### Exercise
For the listing below, return the line containing "U.S. Polo Assn.", the line containing "Teaching is A", and all lines in between, exactly as written and nothing else.

### Material for this exercise
· · · · ·
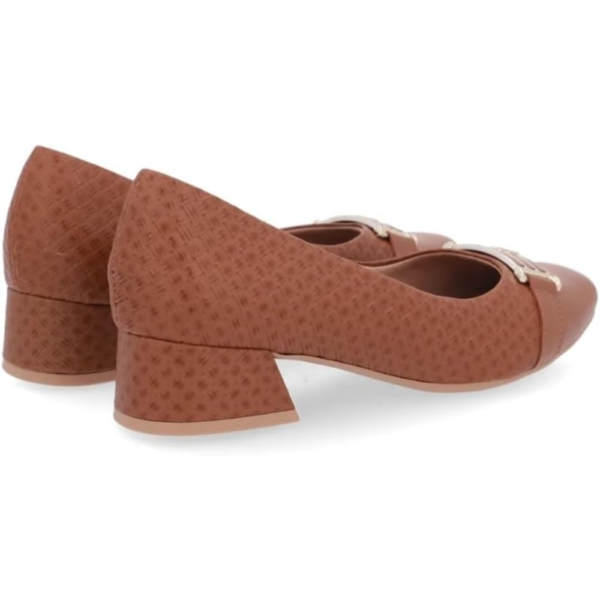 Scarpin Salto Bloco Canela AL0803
· · · · ·
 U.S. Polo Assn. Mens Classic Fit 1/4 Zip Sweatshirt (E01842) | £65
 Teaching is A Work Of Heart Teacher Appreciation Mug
· · · · ·
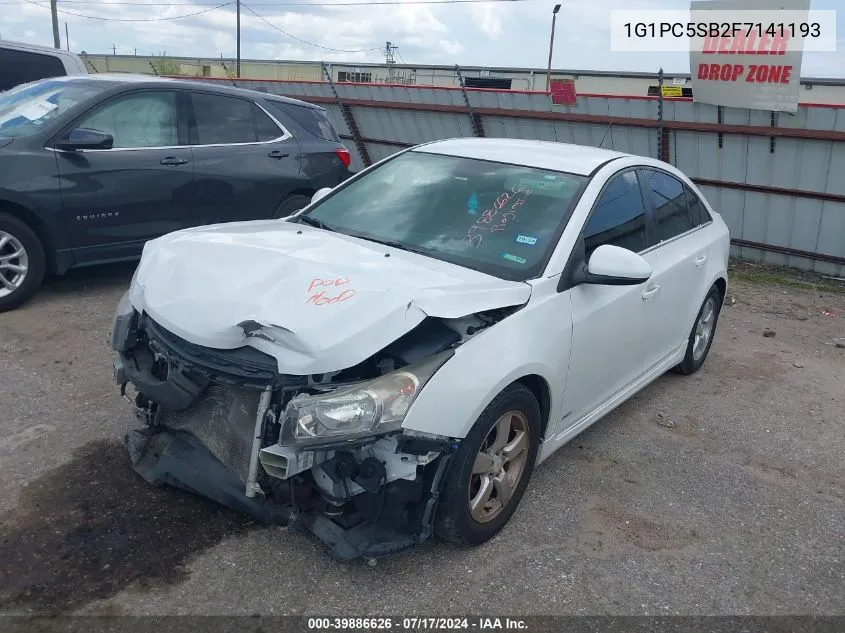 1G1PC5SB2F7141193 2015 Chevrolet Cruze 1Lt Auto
· · · · ·
### Your response
 U.S. Polo Assn. Mens Classic Fit 1/4 Zip Sweatshirt (E01842) | £65
 Teaching is A Work Of Heart Teacher Appreciation Mug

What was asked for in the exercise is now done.